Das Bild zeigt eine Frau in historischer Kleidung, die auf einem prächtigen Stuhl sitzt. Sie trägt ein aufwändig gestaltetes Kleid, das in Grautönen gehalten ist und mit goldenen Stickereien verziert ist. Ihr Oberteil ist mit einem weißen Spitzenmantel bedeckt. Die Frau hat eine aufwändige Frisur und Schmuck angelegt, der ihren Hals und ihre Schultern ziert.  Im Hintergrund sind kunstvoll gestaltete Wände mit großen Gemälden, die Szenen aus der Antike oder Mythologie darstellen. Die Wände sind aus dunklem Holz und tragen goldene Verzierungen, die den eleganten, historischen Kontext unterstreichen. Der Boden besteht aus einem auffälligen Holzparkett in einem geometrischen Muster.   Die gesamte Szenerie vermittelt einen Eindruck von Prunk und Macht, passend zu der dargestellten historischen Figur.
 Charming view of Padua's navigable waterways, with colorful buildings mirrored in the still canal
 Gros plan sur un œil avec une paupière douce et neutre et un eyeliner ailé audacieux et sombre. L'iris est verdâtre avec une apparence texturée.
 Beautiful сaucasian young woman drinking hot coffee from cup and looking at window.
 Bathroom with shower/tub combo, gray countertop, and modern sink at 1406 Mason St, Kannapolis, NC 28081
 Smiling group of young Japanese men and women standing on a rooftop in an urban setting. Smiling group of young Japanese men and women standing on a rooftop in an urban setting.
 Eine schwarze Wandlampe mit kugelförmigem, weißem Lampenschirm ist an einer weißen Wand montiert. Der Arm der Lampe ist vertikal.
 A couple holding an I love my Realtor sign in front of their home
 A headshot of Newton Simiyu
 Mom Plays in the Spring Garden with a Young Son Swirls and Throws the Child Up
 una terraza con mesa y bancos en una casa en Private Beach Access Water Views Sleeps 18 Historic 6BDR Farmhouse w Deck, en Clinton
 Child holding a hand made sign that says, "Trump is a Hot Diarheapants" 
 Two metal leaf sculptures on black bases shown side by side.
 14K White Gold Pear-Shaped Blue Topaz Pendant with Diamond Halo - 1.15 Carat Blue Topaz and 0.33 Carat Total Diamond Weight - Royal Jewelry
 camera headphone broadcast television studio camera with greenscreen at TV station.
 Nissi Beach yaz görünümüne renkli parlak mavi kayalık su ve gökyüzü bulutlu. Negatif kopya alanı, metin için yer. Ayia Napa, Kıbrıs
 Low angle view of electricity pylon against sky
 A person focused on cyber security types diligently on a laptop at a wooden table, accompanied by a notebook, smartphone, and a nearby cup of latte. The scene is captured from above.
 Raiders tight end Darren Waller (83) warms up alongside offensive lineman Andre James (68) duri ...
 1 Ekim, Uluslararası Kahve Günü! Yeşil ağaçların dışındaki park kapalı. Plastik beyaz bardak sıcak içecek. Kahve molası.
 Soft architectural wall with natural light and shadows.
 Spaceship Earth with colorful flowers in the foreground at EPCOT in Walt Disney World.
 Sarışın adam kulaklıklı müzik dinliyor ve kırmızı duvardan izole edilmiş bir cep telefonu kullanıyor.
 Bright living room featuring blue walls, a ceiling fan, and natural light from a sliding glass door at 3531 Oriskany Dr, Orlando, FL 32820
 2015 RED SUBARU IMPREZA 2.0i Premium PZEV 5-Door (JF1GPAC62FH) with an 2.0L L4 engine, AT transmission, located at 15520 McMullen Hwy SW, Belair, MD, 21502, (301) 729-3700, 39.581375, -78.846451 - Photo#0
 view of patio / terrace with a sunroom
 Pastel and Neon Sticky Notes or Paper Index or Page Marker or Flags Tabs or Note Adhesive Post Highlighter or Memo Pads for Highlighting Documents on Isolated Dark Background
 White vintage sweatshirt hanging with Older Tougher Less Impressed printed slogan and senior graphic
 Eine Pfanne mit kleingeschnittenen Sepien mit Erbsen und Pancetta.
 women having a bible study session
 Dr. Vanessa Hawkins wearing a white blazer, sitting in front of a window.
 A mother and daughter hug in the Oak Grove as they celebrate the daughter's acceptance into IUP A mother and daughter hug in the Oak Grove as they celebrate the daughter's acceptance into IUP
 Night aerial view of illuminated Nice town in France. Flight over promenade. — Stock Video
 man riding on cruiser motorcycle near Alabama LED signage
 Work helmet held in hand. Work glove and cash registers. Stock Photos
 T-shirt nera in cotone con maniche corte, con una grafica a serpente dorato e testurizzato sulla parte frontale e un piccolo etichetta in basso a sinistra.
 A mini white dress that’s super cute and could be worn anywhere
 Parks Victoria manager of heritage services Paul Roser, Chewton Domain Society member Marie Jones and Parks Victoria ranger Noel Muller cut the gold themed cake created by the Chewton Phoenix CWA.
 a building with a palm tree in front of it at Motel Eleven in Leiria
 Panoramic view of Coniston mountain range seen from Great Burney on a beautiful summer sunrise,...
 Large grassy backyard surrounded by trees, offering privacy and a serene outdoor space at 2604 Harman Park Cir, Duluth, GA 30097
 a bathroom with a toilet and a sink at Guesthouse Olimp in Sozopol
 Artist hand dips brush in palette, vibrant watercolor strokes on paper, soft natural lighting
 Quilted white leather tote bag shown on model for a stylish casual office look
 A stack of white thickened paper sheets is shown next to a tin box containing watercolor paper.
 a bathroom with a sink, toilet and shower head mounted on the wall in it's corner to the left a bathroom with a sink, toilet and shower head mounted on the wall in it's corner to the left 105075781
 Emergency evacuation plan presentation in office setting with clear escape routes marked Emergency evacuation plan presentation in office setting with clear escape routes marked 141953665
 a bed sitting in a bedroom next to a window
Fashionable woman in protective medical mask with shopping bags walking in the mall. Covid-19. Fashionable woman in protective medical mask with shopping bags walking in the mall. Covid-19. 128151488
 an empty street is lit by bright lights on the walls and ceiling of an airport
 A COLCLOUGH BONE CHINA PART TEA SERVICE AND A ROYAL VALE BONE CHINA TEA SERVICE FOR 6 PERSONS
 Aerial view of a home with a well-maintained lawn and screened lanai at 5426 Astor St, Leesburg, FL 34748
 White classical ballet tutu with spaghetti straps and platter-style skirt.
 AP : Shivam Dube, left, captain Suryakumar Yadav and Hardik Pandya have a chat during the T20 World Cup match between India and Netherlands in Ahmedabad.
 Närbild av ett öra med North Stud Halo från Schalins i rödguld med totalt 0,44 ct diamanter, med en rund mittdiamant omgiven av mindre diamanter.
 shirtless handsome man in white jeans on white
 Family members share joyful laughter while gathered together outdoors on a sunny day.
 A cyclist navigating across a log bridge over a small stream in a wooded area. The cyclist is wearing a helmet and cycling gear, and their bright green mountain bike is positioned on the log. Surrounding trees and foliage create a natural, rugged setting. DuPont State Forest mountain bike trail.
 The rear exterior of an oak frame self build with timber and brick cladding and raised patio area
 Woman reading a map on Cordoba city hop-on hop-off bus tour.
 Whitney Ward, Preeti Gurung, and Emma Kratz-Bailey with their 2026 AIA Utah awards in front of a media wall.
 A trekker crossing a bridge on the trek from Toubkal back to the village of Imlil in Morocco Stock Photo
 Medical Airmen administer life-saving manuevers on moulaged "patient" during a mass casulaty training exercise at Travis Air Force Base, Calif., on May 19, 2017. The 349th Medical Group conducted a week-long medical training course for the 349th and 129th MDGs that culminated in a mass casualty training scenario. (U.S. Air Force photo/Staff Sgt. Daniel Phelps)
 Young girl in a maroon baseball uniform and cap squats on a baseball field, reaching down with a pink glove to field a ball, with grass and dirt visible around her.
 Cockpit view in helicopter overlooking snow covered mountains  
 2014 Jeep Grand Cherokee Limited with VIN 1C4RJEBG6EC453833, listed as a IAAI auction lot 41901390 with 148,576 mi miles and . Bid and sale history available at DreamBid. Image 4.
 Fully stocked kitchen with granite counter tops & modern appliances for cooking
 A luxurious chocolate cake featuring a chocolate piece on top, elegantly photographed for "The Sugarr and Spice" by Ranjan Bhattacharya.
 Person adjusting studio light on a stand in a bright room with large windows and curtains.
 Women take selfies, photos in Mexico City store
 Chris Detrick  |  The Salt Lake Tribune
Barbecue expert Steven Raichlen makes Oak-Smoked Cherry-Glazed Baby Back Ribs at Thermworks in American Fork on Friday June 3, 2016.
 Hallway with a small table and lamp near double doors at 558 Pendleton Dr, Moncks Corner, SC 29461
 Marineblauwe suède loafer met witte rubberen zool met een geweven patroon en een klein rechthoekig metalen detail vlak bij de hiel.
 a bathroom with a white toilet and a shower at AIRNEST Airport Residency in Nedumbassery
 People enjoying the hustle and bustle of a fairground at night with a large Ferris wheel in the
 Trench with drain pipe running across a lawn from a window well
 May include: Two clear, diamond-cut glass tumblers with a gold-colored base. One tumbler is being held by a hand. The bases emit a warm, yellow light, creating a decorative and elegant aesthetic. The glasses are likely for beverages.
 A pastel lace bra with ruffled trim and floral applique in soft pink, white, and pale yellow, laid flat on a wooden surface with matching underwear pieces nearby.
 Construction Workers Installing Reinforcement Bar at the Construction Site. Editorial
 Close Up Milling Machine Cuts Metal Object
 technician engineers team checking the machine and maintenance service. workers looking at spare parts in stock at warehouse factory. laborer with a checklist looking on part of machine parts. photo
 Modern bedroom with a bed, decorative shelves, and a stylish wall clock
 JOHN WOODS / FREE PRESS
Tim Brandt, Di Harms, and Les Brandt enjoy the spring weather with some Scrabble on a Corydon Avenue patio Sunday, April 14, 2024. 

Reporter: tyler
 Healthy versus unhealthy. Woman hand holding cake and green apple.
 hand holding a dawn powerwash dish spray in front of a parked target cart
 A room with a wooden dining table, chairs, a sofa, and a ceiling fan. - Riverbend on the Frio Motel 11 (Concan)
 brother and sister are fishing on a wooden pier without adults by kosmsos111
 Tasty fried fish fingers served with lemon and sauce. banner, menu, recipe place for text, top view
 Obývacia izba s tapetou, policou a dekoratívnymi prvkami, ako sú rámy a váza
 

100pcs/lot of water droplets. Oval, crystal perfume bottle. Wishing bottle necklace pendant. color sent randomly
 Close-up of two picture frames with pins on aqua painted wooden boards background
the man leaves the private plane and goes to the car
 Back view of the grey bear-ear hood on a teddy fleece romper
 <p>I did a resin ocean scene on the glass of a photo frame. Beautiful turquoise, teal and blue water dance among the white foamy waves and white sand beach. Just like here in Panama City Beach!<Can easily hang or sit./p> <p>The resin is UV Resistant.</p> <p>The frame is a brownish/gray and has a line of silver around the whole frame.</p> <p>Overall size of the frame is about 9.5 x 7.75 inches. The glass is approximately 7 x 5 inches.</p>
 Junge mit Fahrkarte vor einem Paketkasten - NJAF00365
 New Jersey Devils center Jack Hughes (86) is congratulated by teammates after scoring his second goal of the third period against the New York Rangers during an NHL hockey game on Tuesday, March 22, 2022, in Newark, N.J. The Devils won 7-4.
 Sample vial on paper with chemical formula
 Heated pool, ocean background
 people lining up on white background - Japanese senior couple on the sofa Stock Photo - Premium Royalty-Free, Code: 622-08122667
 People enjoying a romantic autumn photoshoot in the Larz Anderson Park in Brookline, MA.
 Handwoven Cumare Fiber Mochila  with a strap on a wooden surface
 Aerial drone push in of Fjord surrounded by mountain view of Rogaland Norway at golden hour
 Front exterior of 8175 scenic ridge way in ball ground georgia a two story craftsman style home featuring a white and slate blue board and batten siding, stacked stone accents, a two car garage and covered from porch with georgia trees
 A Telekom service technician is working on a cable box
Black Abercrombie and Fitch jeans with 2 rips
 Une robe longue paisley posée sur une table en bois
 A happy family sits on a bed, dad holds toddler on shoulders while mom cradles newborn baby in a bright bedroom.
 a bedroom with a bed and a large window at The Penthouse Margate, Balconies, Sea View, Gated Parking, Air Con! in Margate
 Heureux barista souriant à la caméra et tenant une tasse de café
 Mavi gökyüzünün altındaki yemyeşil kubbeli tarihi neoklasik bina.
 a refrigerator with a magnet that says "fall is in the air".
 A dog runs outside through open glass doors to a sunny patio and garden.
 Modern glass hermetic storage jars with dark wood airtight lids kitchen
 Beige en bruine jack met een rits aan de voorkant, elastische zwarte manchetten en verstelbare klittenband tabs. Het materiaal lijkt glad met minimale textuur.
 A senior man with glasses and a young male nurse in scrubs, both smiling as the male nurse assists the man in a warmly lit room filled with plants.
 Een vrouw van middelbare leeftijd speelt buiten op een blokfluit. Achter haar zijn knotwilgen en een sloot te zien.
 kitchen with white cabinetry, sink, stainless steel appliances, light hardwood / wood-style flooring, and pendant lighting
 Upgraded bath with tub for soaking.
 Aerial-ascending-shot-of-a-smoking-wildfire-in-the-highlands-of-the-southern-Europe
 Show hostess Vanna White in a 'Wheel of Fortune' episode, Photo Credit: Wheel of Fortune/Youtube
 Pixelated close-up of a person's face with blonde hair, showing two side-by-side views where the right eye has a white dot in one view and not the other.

*-*-*

## WORK TO BE COMPLETED:
Starting at the line that contains "Pastel and Neon" and stopping after the line that contains "man riding on", write out every line exactly as it appears above, and no other line.

## TASK SOLUTION:
 Pastel and Neon Sticky Notes or Paper Index or Page Marker or Flags Tabs or Note Adhesive Post Highlighter or Memo Pads for Highlighting Documents on Isolated Dark Background
 White vintage sweatshirt hanging with Older Tougher Less Impressed printed slogan and senior graphic
 Eine Pfanne mit kleingeschnittenen Sepien mit Erbsen und Pancetta.
 women having a bible study session
 Dr. Vanessa Hawkins wearing a white blazer, sitting in front of a window.
 A mother and daughter hug in the Oak Grove as they celebrate the daughter's acceptance into IUP A mother and daughter hug in the Oak Grove as they celebrate the daughter's acceptance into IUP
 Night aerial view of illuminated Nice town in France. Flight over promenade. — Stock Video
 man riding on cruiser motorcycle near Alabama LED signage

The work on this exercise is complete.